Aaaahhh...  :Smile: 

Also funktioniert die parameterlose Variante nur solange die alte Python-Version noch nicht deinstalliert wurde? Wieder was gelernt...

Dankeschön.

----------

## Klaus Meier

 *sprittwicht wrote:*   

> Aaaahhh... 
> 
> Also funktioniert die parameterlose Variante nur solange die alte Python-Version noch nicht deinstalliert wurde? Wieder was gelernt...
> 
> Dankeschön.

 

Nicht so ganz, an dem Problem bin ich zuerst auch gescheitert und ich denke wohl, noch einige hier. Python ist zur Zeit in der Version 2 und der Version 3 installiert. Und die 2er Version brauchst und ist auch mit eselect aktiviert. Es befindet sich dann Python 2.5, 2.6 und 3.x auf deinem Rechner. Machst du python-updater ohne -o, dann macht er 2.6 auf 3.x, was nichts bringt, da er 2.5 auf 2.6 machen muss.

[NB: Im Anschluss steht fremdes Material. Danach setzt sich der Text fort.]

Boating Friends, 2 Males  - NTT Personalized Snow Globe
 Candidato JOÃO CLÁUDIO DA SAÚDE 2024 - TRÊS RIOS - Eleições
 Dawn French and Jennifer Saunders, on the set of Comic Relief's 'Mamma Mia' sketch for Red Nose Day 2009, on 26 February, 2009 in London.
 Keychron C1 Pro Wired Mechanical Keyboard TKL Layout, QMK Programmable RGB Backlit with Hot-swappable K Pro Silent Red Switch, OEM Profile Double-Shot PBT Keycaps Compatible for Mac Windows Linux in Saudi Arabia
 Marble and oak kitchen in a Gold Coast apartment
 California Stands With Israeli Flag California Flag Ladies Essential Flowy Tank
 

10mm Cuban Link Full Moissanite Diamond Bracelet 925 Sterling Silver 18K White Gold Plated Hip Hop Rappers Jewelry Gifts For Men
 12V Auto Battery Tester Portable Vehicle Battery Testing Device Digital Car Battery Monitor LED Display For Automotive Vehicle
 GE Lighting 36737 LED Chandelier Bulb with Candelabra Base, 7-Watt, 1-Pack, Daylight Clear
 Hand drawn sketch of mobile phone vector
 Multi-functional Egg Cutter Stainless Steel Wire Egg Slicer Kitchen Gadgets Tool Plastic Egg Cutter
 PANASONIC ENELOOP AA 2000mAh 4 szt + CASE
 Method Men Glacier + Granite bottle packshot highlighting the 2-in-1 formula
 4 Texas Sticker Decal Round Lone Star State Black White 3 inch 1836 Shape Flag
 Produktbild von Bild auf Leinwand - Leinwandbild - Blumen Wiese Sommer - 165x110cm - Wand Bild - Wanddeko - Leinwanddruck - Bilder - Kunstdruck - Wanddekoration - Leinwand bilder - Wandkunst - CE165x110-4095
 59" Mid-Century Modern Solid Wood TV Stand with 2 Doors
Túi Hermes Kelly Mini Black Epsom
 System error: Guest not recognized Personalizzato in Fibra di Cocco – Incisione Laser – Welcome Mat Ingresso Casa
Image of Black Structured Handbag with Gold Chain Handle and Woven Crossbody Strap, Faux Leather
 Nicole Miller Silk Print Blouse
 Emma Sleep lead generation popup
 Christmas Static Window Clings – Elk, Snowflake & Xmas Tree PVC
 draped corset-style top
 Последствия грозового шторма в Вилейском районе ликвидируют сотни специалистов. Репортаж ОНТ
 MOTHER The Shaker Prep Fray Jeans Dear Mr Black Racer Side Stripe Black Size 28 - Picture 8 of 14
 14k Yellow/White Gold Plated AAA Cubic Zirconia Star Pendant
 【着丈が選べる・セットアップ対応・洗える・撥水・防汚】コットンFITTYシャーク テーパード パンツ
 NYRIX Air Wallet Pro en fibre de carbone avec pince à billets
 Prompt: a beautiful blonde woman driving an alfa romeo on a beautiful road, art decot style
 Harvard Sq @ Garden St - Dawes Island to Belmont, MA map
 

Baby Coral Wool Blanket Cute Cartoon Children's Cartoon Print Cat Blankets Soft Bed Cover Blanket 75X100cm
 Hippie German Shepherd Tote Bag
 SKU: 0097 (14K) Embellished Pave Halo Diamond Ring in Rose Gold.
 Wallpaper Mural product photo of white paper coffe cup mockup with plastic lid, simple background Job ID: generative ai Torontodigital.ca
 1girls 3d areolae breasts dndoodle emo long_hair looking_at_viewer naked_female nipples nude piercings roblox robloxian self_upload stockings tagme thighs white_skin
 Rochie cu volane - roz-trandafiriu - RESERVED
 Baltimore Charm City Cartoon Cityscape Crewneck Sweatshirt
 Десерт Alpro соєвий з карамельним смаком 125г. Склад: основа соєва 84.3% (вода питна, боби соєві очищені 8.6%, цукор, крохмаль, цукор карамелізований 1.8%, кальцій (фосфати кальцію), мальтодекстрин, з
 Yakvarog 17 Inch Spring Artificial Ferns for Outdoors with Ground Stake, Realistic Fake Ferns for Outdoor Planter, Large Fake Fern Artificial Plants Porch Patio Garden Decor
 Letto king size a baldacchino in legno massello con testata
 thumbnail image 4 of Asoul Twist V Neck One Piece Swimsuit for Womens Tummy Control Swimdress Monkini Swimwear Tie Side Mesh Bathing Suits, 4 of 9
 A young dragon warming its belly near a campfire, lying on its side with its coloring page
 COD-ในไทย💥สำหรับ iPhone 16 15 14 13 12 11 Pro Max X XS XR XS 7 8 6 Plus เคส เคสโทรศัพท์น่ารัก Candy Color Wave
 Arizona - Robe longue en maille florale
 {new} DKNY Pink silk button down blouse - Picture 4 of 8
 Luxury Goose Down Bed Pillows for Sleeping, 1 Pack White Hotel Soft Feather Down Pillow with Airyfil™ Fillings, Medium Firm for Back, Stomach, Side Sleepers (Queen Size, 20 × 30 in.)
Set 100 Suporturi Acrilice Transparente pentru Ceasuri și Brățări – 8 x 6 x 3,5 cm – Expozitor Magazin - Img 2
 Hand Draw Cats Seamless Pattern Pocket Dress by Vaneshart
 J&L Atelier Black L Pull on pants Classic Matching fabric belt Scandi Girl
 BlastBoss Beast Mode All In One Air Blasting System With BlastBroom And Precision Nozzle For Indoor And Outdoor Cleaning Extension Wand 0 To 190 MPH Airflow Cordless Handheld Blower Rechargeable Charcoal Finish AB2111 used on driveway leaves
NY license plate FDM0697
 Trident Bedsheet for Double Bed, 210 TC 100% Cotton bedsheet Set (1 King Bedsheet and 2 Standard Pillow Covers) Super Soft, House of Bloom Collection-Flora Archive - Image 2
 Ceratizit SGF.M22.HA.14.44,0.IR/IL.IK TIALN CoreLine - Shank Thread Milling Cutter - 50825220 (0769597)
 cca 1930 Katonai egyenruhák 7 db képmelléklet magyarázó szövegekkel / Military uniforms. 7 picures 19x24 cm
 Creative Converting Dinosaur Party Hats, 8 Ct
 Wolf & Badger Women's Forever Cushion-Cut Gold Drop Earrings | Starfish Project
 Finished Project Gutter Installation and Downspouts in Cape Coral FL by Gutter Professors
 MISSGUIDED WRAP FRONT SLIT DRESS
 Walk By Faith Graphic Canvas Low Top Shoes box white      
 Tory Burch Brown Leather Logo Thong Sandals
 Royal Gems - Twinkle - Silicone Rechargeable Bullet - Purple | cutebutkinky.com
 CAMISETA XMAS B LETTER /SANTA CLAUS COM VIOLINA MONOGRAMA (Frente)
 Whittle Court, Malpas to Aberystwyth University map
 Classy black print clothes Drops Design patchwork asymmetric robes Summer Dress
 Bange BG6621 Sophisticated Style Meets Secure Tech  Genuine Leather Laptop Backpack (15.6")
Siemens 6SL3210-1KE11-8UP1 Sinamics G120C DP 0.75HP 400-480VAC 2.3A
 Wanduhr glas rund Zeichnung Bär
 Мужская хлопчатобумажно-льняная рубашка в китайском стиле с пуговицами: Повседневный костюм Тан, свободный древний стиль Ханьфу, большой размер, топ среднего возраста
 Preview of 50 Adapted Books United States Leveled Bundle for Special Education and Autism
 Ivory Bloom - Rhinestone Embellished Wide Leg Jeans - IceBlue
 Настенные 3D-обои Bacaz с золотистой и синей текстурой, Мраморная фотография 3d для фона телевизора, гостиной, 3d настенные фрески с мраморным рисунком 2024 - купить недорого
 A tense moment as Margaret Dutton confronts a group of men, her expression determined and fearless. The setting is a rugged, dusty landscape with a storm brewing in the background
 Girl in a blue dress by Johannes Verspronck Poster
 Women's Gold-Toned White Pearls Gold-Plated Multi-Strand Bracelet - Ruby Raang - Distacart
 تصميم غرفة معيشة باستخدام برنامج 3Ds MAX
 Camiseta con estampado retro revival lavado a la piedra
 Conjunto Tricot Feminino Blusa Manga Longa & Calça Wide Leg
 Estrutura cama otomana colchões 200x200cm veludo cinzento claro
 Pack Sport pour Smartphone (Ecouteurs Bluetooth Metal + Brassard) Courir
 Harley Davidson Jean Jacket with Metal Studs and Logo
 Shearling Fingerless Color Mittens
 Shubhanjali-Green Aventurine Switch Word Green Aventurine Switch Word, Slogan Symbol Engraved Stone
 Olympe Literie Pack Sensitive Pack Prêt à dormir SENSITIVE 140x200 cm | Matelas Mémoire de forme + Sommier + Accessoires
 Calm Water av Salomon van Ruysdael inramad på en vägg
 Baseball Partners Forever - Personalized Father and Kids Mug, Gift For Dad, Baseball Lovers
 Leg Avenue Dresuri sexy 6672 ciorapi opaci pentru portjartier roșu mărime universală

Ich hatte es so gelöst, dass ich die 3.x deinstalliert habe, python-updater und dann die 3 wieder drauf bis ich den Tip bekommen habe.

----------

## Necoro

 *Klaus Meier wrote:*   

> Ich hatte es so gelöst, dass ich die 3.x deinstalliert habe, python-updater und dann die 3 wieder drauf bis ich den Tip bekommen habe.

 

Schmeiß die 3er runter und maskiere sie... Im Moment braucht sie kein Mensch (und es funktioniert auch net allzuviel damit)

----------

## Klaus Meier

Wozu, jetzt wo alles funktiniert, warum soll ich sie da per Hand runterschmeißen? Jetzt stört sie ja auch nicht. Und irgendwann brauche ichsie dann ja doch mal wieder.

----------